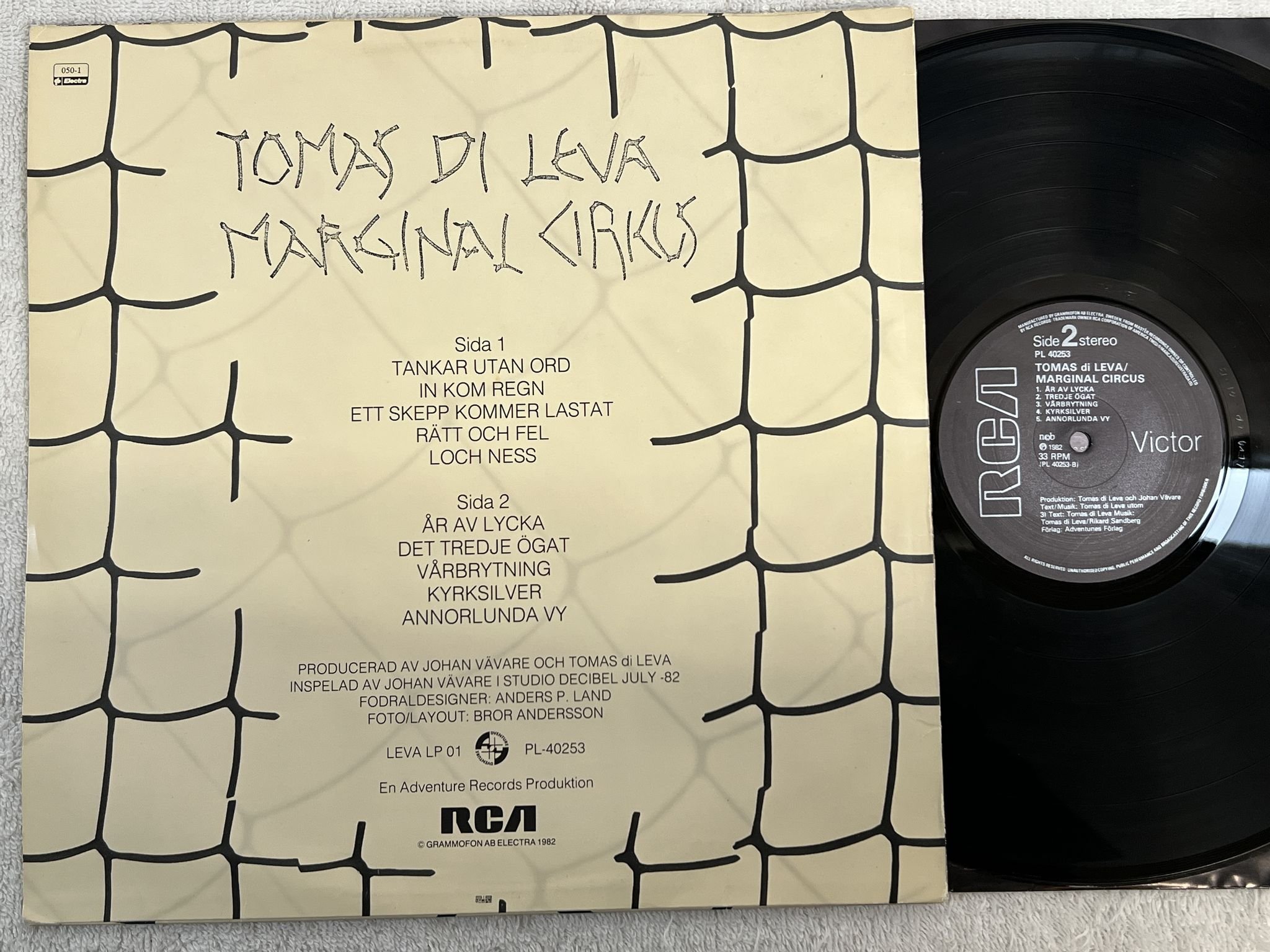 Omslagsbild för skivan TOMAS DI LEVA marginal cirkus LP -82 Swe RCA PL-40253 *** RARE ***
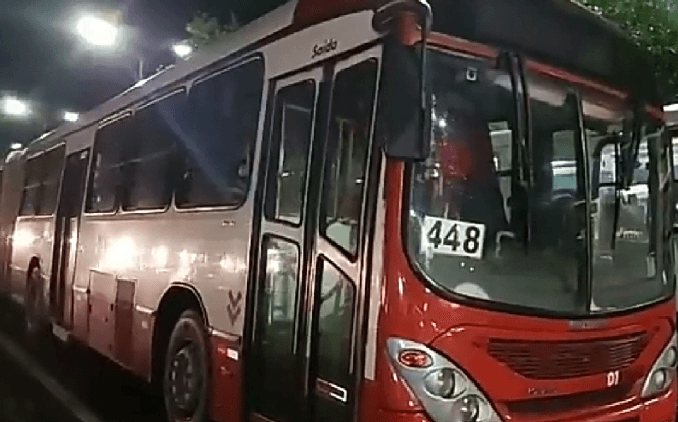 Passageiro é esfaqueado durante assalto a ônibus na zona Norte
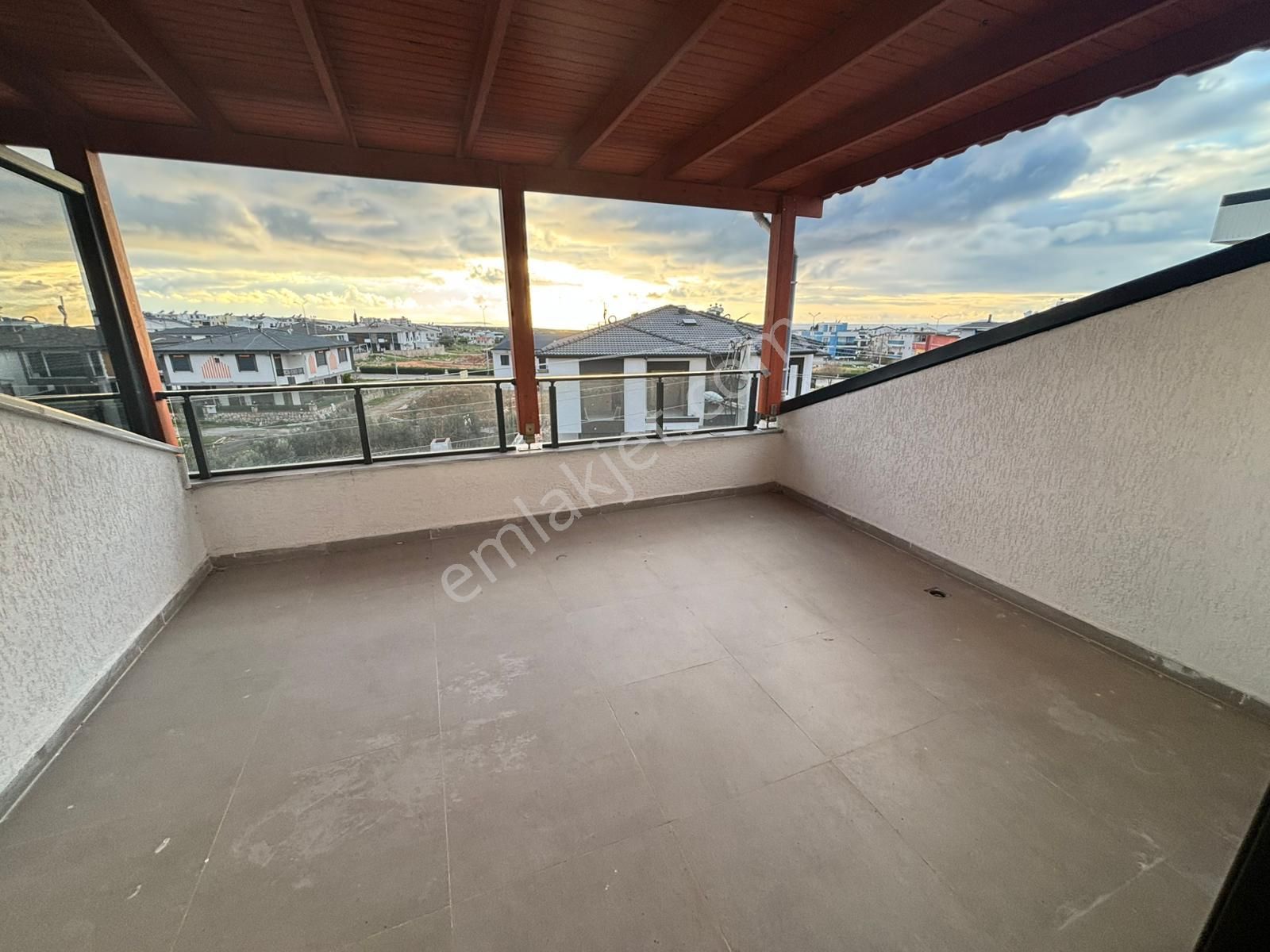 Hisarda Muhteşem 4+1 Villa - Görsel 21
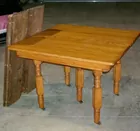 LYN LIECHTY AUCTIONS  Oak DiningTable w/six leaves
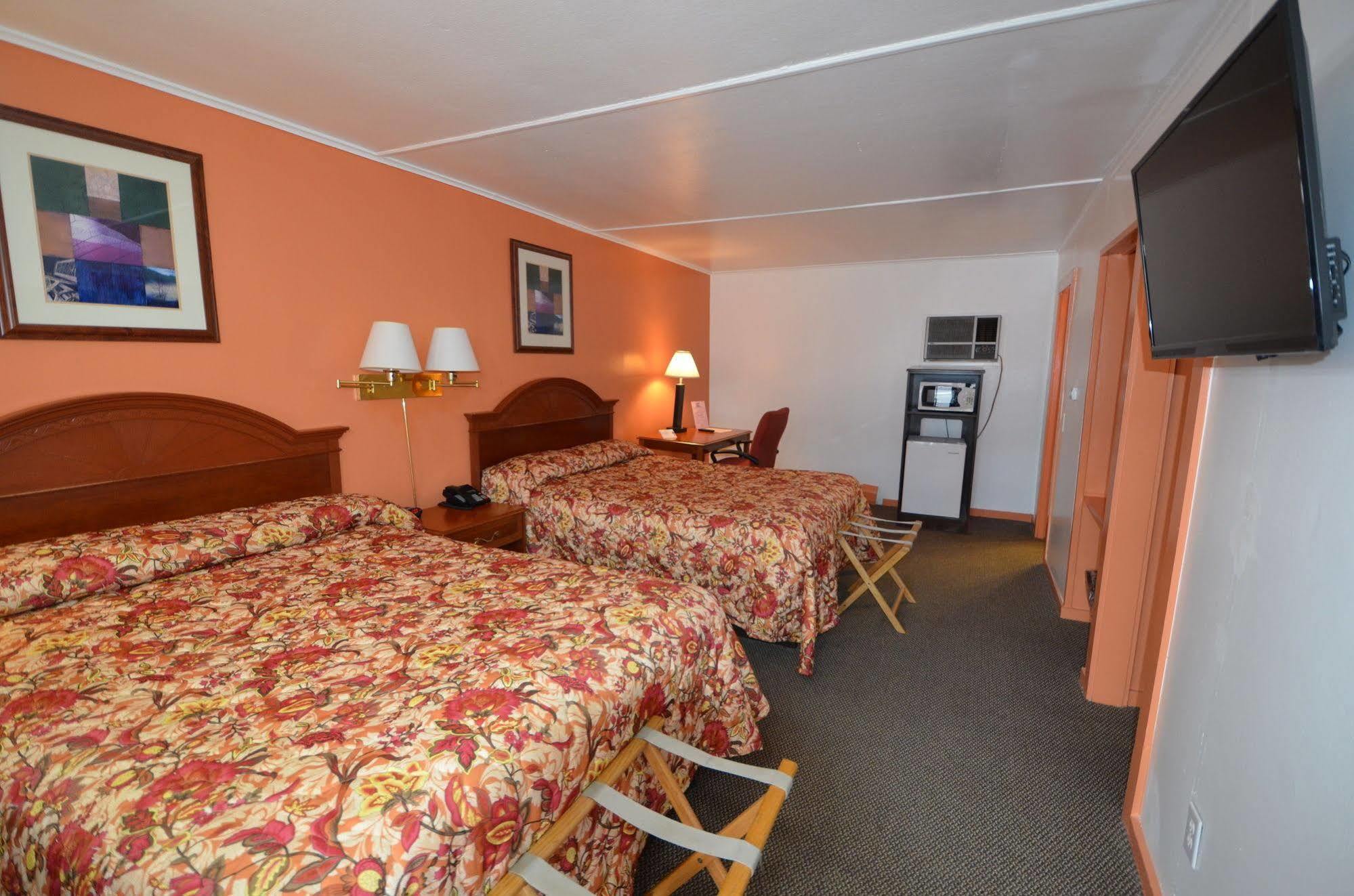 Williamstown Motel Bagian luar foto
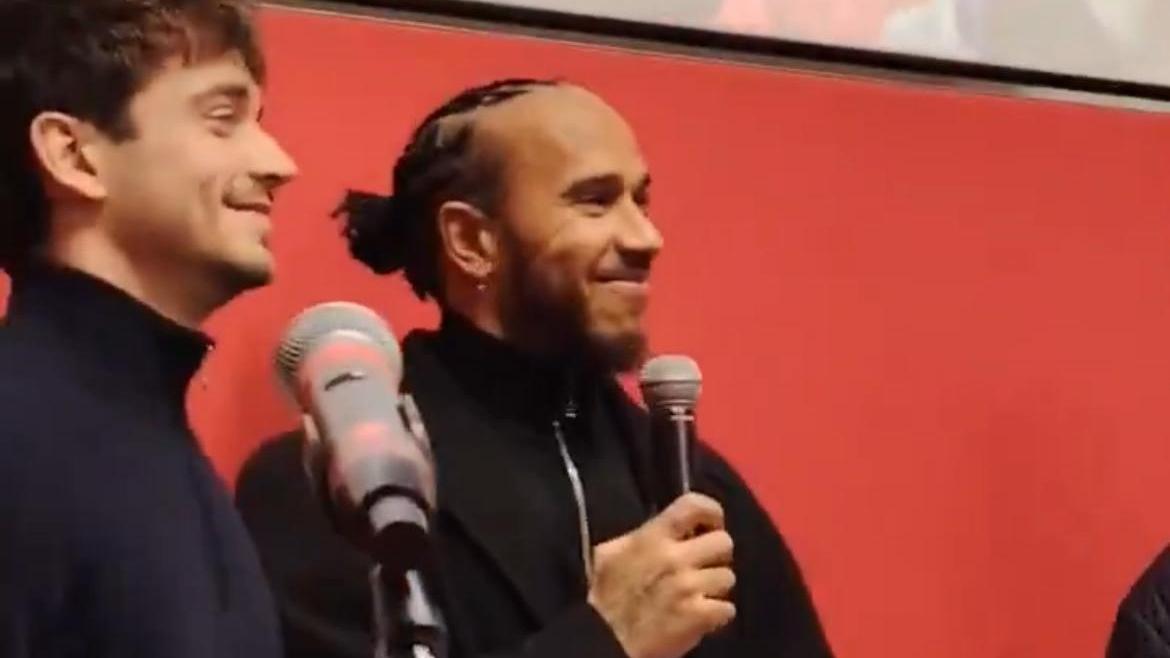 Il discorso di Lewis Hamilton, affiancato da Charles Leclerc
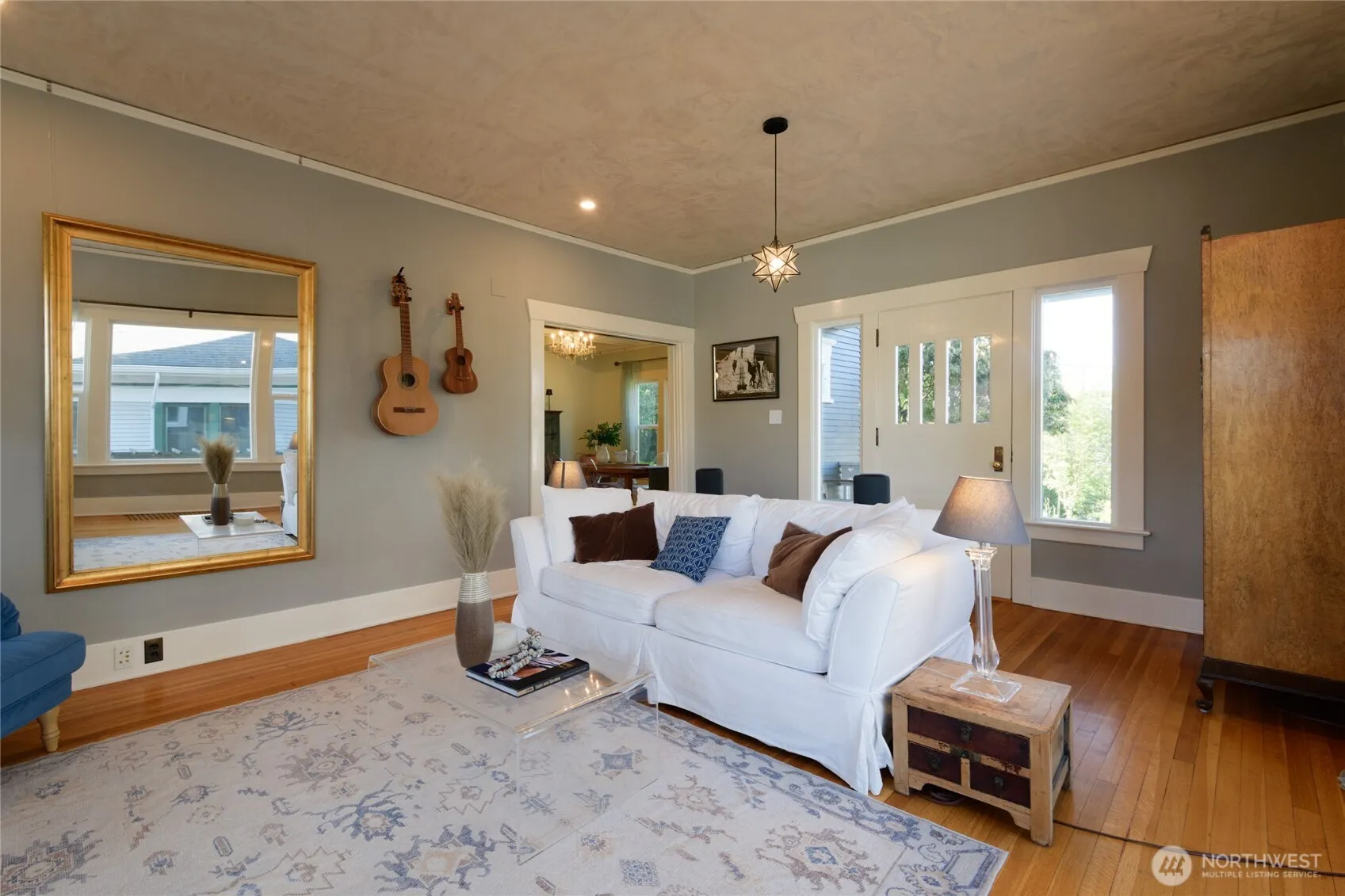 Property photo for 333 N 75th Street, Seattle photo 4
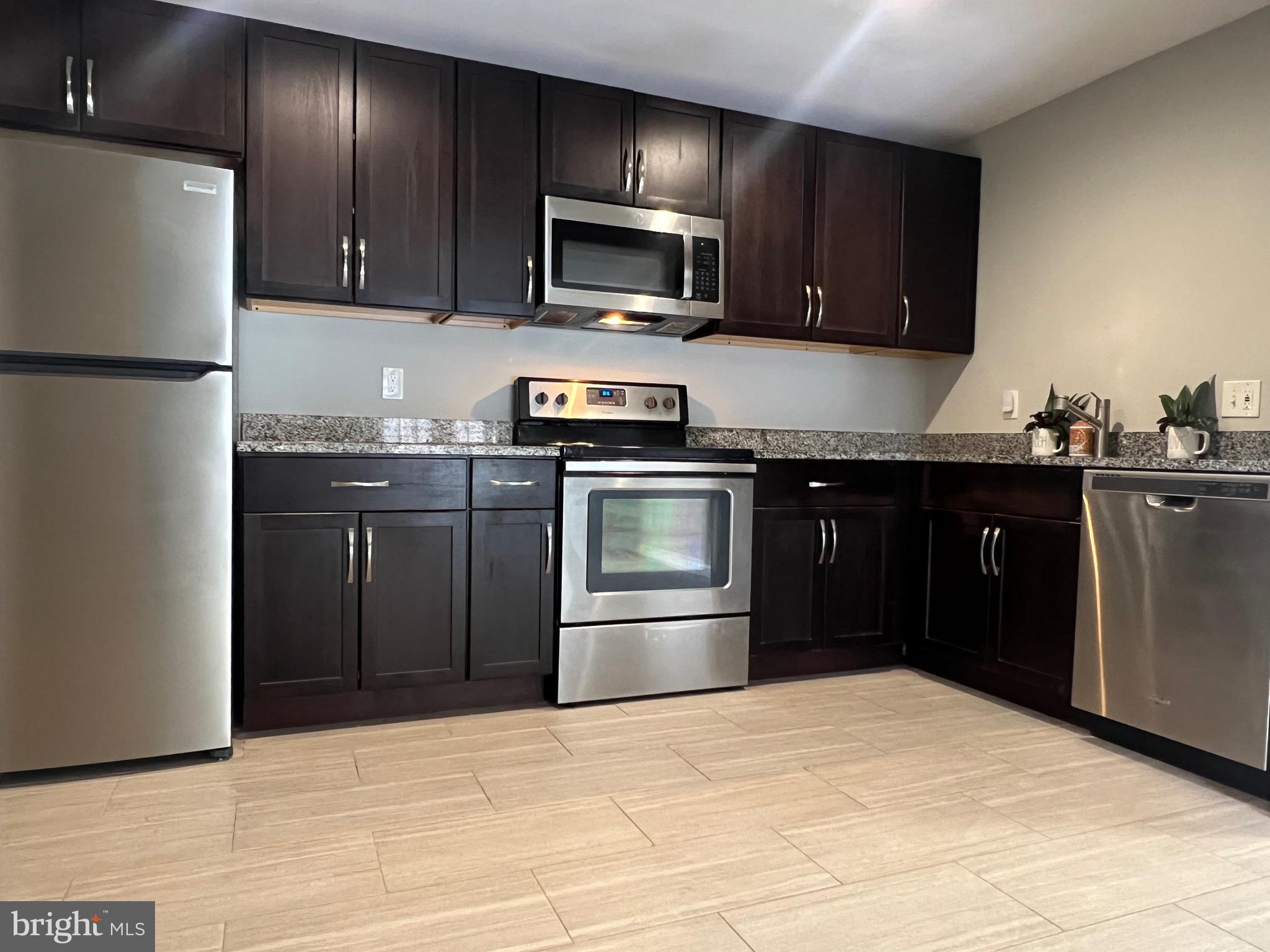 108 N Baylor Dr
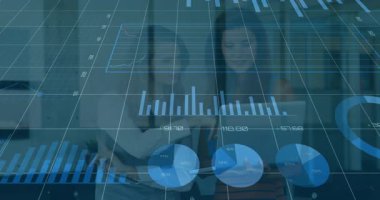 Ofiste dönen grafiklere cevap veren iki bayan meslektaşımız veri analizi için dizüstü bilgisayarlarını ayarlıyorlar. İşbirliği, takım çalışması, dijital, analitik, profesyonel, çalışma alanı, modern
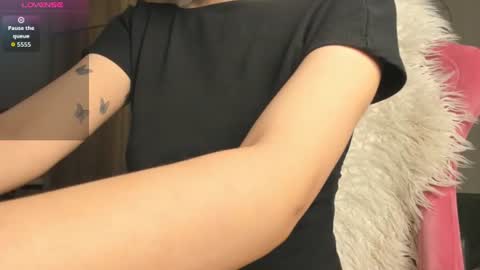 Lily online show from 06/11/26, 03:32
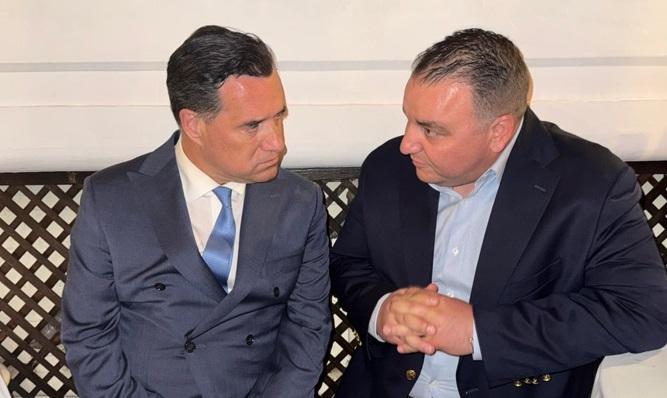 Στο επίκεντρο το δημογραφικό και η στήριξη των τρίτεκνων οικογενειών στη συνάντηση Μουρτζίλα – Γεωργιάδη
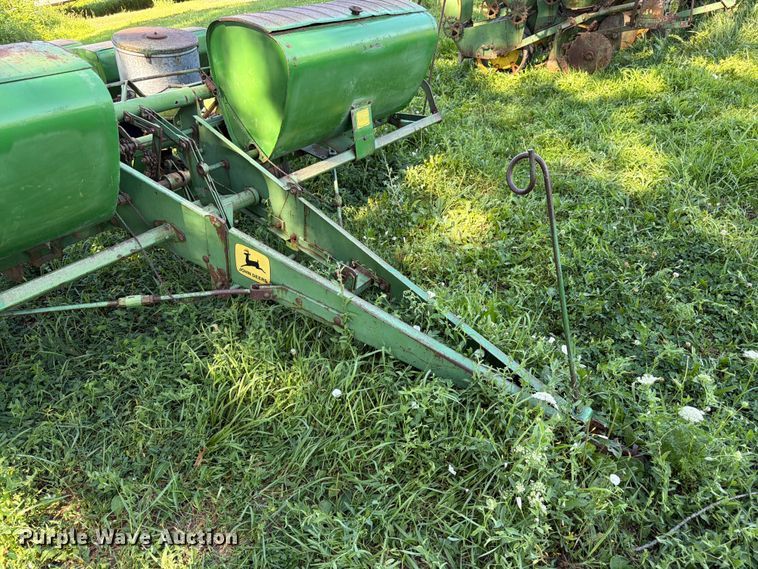 image for item FK3172 John Deere 1240 planter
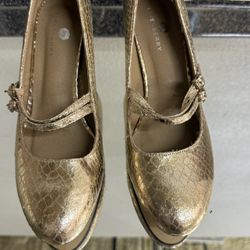 Women’s Shoes For Sale Size 9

### EXERCISE REQUIREMENTS
If a record above contains a picture, leave the picture out and transcribe everything else exactly.

### SOLUTION FOR THIS TASK
 Omslagsbild för skivan TOMAS DI LEVA marginal cirkus LP -82 Swe RCA PL-40253 *** RARE ***
 Passageiro é esfaqueado durante assalto a ônibus na zona Norte
 Hisarda Muhteşem 4+1 Villa - Görsel 21
 LYN LIECHTY AUCTIONS  Oak DiningTable w/six leaves
 Williamstown Motel Bagian luar foto
 Il discorso di Lewis Hamilton, affiancato da Charles Leclerc
 Property photo for 333 N 75th Street, Seattle photo 4
 108 N Baylor Dr
 Ofiste dönen grafiklere cevap veren iki bayan meslektaşımız veri analizi için dizüstü bilgisayarlarını ayarlıyorlar. İşbirliği, takım çalışması, dijital, analitik, profesyonel, çalışma alanı, modern
 Lily online show from 06/11/26, 03:32
 Στο επίκεντρο το δημογραφικό και η στήριξη των τρίτεκνων οικογενειών στη συνάντηση Μουρτζίλα – Γεωργιάδη
 image for item FK3172 John Deere 1240 planter
 Women’s Shoes For Sale Size 9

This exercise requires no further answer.